What should we do? Could we increase the number of gentailers? But that would not reduce the special role of the Huntly station – the rule of five suggests we need five independent thermals. More promising is that we need to restructure the industry to, in effect, be a monopoly regulated in the public interest. This not to rule out private suppliers, but competing generators would sell to a monopoly public agency who would then onsell to competing independent retailers.
This proposal is not very different from the old system of a state-owned Electrocorp (except that generators were largely state-owned). The restructuring in the 1990s was heavily influenced by market theories based on financial markets (and certainly financiers are having a great time in the current electricity system). Producing electricity is very different from producing financial paper.
The case for restructuring the industry is strengthened by major future changes. Here are some.
The Huntly coal-fired stations will have to close in order to meet our emission commitments.

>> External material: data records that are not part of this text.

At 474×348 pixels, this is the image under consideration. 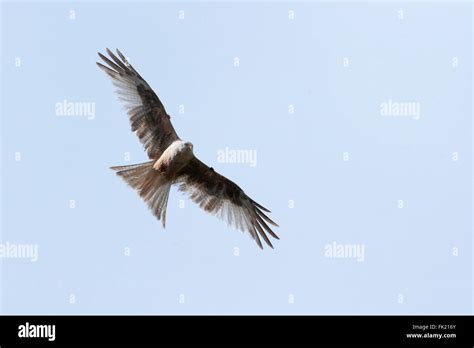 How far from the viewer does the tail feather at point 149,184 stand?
13.2m

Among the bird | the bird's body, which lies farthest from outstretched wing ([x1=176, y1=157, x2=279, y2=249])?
the bird's body

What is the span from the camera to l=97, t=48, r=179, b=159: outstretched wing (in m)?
13.6

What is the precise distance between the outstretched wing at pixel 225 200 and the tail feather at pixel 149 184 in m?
0.79

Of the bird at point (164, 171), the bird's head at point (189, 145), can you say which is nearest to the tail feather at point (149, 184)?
the bird at point (164, 171)

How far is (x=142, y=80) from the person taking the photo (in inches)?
542

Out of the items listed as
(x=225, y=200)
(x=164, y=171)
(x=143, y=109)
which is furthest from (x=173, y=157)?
(x=225, y=200)

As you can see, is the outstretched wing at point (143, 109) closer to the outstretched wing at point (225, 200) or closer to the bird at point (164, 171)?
the bird at point (164, 171)

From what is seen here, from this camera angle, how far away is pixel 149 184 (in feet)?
43.9

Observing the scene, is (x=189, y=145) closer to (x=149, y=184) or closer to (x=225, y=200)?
(x=149, y=184)

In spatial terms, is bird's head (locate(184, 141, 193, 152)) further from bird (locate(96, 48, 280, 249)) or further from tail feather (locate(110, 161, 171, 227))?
tail feather (locate(110, 161, 171, 227))

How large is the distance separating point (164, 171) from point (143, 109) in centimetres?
127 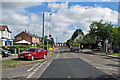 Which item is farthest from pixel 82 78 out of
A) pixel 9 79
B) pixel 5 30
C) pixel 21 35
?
pixel 21 35

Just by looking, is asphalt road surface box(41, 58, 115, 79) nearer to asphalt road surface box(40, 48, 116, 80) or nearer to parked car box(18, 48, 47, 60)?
asphalt road surface box(40, 48, 116, 80)

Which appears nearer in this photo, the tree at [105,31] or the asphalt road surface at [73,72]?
the asphalt road surface at [73,72]

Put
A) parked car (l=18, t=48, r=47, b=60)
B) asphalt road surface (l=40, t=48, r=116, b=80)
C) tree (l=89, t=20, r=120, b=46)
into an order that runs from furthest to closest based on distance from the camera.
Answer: tree (l=89, t=20, r=120, b=46) → parked car (l=18, t=48, r=47, b=60) → asphalt road surface (l=40, t=48, r=116, b=80)

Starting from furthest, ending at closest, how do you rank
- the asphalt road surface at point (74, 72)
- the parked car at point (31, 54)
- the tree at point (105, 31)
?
the tree at point (105, 31) → the parked car at point (31, 54) → the asphalt road surface at point (74, 72)

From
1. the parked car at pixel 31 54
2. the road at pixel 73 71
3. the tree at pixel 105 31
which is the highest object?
the tree at pixel 105 31

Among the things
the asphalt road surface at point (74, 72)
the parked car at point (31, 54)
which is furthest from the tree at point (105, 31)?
the asphalt road surface at point (74, 72)

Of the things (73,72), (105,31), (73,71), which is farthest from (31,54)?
(105,31)

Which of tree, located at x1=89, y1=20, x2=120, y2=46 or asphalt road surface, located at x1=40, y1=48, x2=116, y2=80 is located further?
tree, located at x1=89, y1=20, x2=120, y2=46

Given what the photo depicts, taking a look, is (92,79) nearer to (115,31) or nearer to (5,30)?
(115,31)

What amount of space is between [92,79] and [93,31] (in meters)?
31.6

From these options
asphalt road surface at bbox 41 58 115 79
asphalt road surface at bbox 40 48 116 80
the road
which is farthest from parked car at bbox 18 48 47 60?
asphalt road surface at bbox 41 58 115 79

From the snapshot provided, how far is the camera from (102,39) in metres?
36.8

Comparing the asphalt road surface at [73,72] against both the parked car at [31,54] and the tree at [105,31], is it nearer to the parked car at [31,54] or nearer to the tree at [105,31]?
the parked car at [31,54]

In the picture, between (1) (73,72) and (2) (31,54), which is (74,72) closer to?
(1) (73,72) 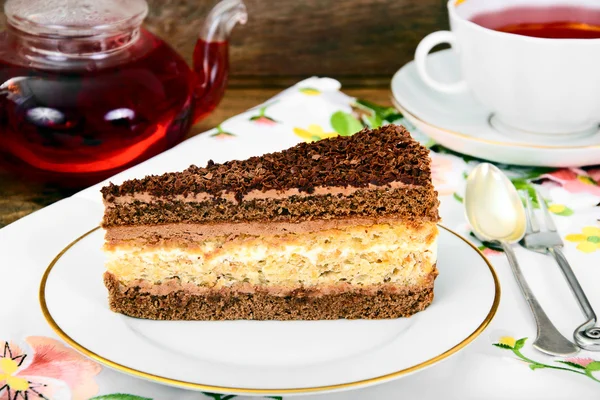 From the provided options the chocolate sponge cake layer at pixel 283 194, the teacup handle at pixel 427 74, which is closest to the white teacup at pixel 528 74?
the teacup handle at pixel 427 74

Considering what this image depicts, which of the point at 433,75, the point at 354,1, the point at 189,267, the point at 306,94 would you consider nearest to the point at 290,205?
the point at 189,267

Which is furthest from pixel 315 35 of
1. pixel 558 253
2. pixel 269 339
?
pixel 269 339

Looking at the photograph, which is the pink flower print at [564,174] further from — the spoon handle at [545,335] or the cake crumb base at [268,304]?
the cake crumb base at [268,304]

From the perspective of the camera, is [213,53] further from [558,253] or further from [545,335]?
[545,335]

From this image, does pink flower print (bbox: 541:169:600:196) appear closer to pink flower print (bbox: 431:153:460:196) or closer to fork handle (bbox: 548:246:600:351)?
pink flower print (bbox: 431:153:460:196)

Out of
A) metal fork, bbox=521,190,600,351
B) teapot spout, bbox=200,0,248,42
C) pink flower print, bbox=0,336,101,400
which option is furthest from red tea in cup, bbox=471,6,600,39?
pink flower print, bbox=0,336,101,400

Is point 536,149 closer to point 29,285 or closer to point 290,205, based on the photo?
point 290,205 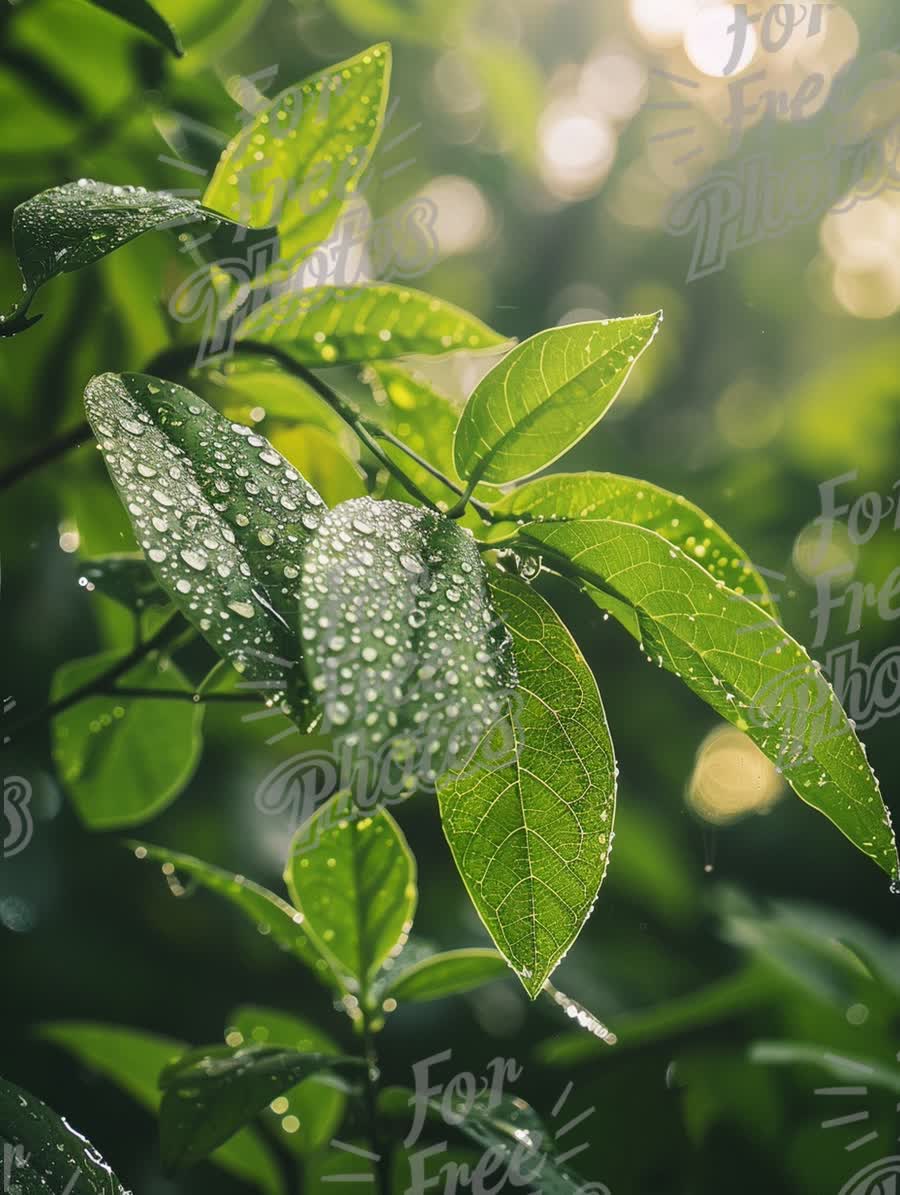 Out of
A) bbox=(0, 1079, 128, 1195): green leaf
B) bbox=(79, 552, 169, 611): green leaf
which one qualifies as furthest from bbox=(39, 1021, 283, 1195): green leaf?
bbox=(79, 552, 169, 611): green leaf

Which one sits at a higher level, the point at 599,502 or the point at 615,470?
the point at 615,470

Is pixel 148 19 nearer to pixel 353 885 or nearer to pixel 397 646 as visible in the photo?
pixel 397 646

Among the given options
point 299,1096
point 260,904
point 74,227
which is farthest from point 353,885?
point 74,227

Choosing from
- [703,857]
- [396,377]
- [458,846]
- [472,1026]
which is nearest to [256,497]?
[458,846]

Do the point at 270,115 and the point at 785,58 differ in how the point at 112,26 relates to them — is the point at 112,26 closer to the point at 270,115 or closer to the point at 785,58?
the point at 270,115

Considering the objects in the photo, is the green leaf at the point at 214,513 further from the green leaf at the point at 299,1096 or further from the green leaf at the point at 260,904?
the green leaf at the point at 299,1096

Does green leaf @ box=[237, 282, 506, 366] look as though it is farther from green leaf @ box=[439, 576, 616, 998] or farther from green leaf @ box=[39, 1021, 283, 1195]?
green leaf @ box=[39, 1021, 283, 1195]

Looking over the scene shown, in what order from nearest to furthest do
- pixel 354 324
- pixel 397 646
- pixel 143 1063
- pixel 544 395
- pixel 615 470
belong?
pixel 397 646
pixel 544 395
pixel 354 324
pixel 143 1063
pixel 615 470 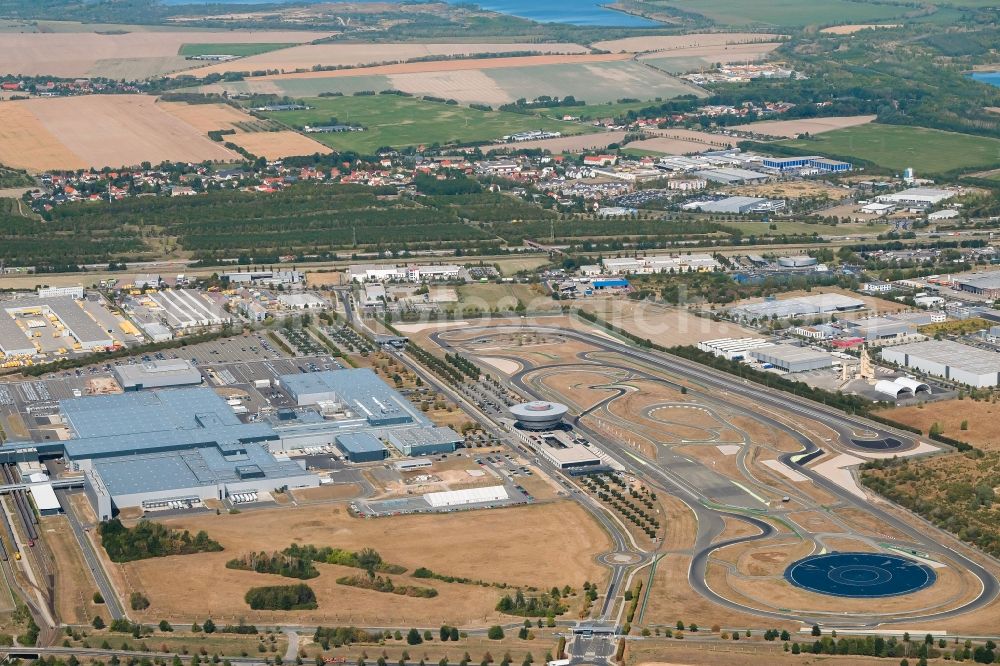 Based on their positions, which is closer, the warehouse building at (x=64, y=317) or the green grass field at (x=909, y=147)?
the warehouse building at (x=64, y=317)

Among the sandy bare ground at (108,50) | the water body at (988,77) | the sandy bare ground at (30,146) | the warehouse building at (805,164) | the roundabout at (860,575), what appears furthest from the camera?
the sandy bare ground at (108,50)

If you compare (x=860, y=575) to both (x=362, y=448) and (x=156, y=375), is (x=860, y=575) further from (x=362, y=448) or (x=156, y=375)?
(x=156, y=375)

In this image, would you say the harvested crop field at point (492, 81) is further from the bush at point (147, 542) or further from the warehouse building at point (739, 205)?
the bush at point (147, 542)

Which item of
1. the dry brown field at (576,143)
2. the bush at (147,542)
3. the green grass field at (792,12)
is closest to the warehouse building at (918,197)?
the dry brown field at (576,143)

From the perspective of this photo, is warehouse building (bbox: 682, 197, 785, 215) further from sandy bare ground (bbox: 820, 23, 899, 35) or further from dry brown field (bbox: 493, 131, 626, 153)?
sandy bare ground (bbox: 820, 23, 899, 35)

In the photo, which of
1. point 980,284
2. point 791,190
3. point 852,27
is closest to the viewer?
point 980,284

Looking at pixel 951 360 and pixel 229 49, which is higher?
pixel 229 49

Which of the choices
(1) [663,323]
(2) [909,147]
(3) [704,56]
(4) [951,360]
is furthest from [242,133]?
(4) [951,360] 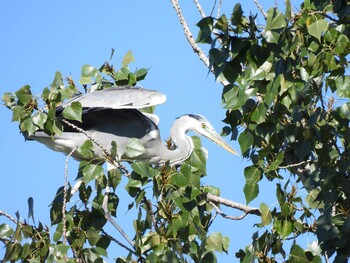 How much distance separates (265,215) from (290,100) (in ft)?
1.88

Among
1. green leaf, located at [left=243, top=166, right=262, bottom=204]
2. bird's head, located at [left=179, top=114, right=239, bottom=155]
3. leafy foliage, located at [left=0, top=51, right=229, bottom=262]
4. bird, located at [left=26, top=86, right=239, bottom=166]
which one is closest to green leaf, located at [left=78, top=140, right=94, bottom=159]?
leafy foliage, located at [left=0, top=51, right=229, bottom=262]

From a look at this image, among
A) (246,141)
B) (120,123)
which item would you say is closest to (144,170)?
(246,141)

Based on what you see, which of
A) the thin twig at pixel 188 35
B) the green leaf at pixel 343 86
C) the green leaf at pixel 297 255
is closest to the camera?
the green leaf at pixel 343 86

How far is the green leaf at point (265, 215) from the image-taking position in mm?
3410

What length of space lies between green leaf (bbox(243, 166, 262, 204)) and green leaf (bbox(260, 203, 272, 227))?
0.16 metres

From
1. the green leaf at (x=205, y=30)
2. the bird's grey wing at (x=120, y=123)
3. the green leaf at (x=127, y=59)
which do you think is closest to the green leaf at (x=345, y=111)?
the green leaf at (x=205, y=30)

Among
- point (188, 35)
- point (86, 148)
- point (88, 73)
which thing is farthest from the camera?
point (88, 73)

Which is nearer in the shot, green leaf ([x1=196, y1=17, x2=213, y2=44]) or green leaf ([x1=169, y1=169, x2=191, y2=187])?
green leaf ([x1=196, y1=17, x2=213, y2=44])

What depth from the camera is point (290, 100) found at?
3.17 metres

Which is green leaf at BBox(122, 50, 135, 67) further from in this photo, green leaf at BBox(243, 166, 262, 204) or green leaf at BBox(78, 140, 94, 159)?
green leaf at BBox(243, 166, 262, 204)

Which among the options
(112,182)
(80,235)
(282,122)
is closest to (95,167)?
(112,182)

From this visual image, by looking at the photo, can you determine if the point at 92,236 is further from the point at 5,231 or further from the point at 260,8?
the point at 260,8

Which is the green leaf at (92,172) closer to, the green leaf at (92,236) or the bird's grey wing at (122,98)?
the green leaf at (92,236)

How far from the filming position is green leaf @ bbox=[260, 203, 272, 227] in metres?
3.41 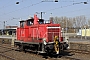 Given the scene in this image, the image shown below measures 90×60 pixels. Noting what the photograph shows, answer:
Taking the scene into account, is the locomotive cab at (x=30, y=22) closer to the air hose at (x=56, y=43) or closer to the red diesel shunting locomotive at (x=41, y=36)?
the red diesel shunting locomotive at (x=41, y=36)

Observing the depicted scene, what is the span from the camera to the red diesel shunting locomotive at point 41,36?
45.3 ft

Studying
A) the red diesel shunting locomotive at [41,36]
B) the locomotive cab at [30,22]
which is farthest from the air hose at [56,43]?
the locomotive cab at [30,22]

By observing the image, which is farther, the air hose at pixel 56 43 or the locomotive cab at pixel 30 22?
the locomotive cab at pixel 30 22

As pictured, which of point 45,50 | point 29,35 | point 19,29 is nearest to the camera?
point 45,50

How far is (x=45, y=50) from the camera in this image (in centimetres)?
1377

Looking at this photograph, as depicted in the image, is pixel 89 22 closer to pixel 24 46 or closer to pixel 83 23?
pixel 83 23

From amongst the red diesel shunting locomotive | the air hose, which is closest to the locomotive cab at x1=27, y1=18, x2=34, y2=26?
the red diesel shunting locomotive

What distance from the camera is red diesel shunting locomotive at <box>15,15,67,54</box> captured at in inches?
544

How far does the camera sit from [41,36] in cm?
1509

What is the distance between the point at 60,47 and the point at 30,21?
4198mm

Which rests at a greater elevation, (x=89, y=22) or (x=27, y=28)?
(x=89, y=22)

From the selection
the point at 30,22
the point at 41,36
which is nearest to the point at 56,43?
the point at 41,36

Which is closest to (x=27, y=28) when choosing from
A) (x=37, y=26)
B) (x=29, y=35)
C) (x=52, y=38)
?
(x=29, y=35)

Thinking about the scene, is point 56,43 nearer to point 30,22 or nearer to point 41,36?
point 41,36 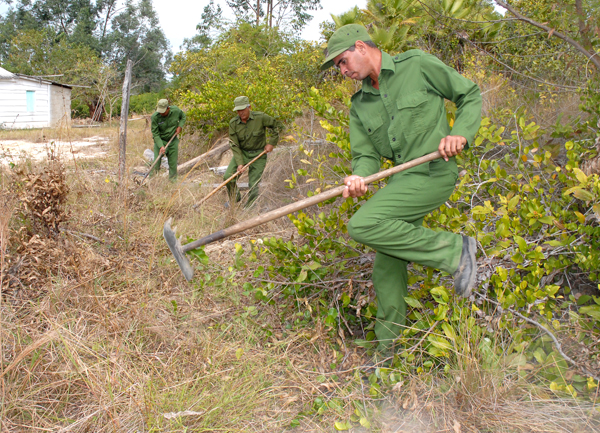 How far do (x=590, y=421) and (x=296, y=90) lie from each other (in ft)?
28.6

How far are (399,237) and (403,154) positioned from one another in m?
0.59

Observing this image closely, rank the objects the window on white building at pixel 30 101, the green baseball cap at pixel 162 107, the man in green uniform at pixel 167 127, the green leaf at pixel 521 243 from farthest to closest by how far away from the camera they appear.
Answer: the window on white building at pixel 30 101
the man in green uniform at pixel 167 127
the green baseball cap at pixel 162 107
the green leaf at pixel 521 243

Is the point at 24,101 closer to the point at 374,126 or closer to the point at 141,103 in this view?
the point at 141,103

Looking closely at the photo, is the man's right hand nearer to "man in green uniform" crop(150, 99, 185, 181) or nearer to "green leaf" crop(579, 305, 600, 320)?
"green leaf" crop(579, 305, 600, 320)

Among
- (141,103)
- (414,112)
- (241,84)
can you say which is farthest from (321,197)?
(141,103)

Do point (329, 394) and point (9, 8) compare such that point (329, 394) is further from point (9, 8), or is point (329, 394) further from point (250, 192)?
point (9, 8)

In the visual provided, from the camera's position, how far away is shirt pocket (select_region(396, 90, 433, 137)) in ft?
8.91

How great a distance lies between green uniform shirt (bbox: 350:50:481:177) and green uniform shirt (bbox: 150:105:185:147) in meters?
6.43

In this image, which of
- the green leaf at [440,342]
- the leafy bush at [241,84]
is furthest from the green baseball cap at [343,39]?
the leafy bush at [241,84]

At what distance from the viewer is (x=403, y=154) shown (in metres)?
2.81

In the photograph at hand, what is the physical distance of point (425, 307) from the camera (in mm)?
3057

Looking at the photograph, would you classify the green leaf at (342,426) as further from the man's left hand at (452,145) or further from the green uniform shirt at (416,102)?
the man's left hand at (452,145)

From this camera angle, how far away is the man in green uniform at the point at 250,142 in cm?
707

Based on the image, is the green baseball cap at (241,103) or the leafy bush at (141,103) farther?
the leafy bush at (141,103)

Replacement supply will mainly come from solar and wind farms. Currently market arrangements favour corporate farms but I shall not be surprised if, despite industry protests, we make it easier for others – farmers, houses and commercial buildings – to contribute to the grid.
A general problem with the dependence on hydro, solar and wind power is that their generation does not always match demand. To some extent, we can ‘store’ electricity in the hydro-lakes but that is increasingly insufficient to deal with the mismatch, an effect which will be compounded when Huntly closes. Fortunately the cost of battery storage is coming down. The state of Victoria is already installing ‘Big Battery’, a 300 MW grid-scale battery storage project in Geelong. (Each Huntly turbine is 250 MW.) As costs come down, small solar and wind suppliers will have their own on-site batteries.
There is the Lake Onslow proposal which would increase hydro-storage capacity. Its economics is likely to be undercut by the batteries. When the government asked for comments, each of the big gentailers argued against the proposal on the basis – to put it crudely – that it would upset their profitability; as you would expect from private-vice considerations.
The closure of the Tiwai aluminium smelter will release Manapouri’s electricity capacity equivalent to about a sixth of total generation. What to do with this surplus? One proposal is to use the energy to produce hydrogen for export, a logic which would be favoured by the private vice of the gentailers because it would not threaten their current pricing (and profitability) arrangements. Another option would be to send the electricity north. (I am told the capital cost would be only $600m; the Lake Onslow proposal is about $4b plus reticulation.) That would mean that we could close Huntly faster and cheaper but it would hurt the other gentailers’ profits.
There is a danger that the current review of the electricity industry arising from the recent blackout will (once more) fumble the issue by looking at how to patch the current system rather than considering the major restructure the future requires. It takes a lot of courage and competence to face such a future rather than hide from it. The Clark-Cullen Government showed it when it restructured Telecom, splitting it into competing Spark and regulated-monopoly Chorus. That facilitated the broadband rollout which, among other things, contributed to the success of the covid lockdown. Can the Ardern-Robertson Government step as confidently up to the plate?
Footnote. The story of private vice and public virtue is brilliantly told in Benjamin Friedman’s Religion and the Rise of Capitalism. Later chapters discuss the rise of the gospel of wealth versus the social gospel, which is the economic theology underpinning America’s current political divide.